Exercise brief
Beneath this task is a listing; retype all of it exactly.

Dataset section
•••••

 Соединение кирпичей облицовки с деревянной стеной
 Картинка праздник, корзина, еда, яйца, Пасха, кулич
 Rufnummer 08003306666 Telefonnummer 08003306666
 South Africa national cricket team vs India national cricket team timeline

•••••

Your response
 Соединение кирпичей облицовки с деревянной стеной
 Картинка праздник, корзина, еда, яйца, Пасха, кулич
 Rufnummer 08003306666 Telefonnummer 08003306666
 South Africa national cricket team vs India national cricket team timeline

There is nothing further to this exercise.